Sobota w 1. lidze mężczyzn: Porażki lidera i wicelidera, Spójnia wygrywa w Tychach

Zdjęcie okładkowe artykułu:
zdjęcie autora artykułu

Intermarche Zastal Zielona Góra przegrał po dogrywce z Siarką Tarnobrzeg, a MKS Dąbrowa Górnicza niespodziewanie nie sprostała Akademikom z Warszawy. W Tychach, miejscowy KKS nie dał rady najlepszemu beniaminkowi 1. ligi, Spójni Stargard Szczeciński.

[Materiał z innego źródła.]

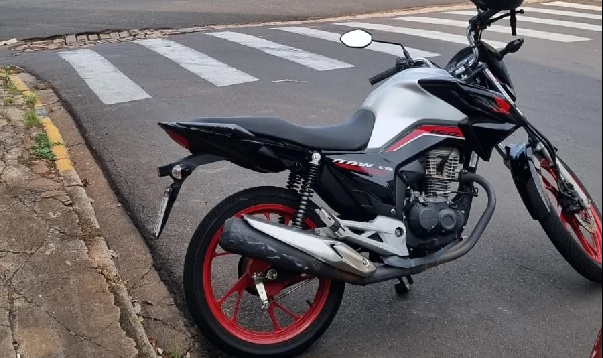 Motociclista fica ferido após batida com carro em cruzamento movimentado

Siarka chyba za prędko uwierzyła w sukces, po wygranej pierwszej kwarcie aż 22:7. Intermarche Zastal to lider rozgrywek i tak jak się można było spodziewać, łatwo broni nie złożył. W kolejnych kwartach sukcesywnie odrabiał straty, dzięki czemu o wszystkim miała zadecydować końcówka. 40 minut nie wystarczyło do wyłonienia triumfatora, więc potrzebne była dogrywka. W niej o wielkim pechu może mówić Marcin Flieger, lider Zastalu. W ostatnich sekundach gry Fliger wykonywał rzuty wolne (14/16 z linii) i niespodziewanie jeden rzut chybił. Mimo tego, z 23 punktami okazał się najskuteczniejszym zawodnikiem meczu.

Niespodziewanej porażki doznała MKS Dąbrowa Górnicza, która nie sprostała walczącej o utrzymanie Tempcold AZS Politechnice Warszawskiej. Fantastycznie w szeregach stołecznego zespołu spisał się Piotr Pamuła, autor 29 punktów, w tym pięciu trójek. Koszykarze z południa Polski wzięli się do odrabiania strat w czwartej kwarcie, ale nawet triumf w tej części gry 25:12 nie zapewnił im dwóch punktów.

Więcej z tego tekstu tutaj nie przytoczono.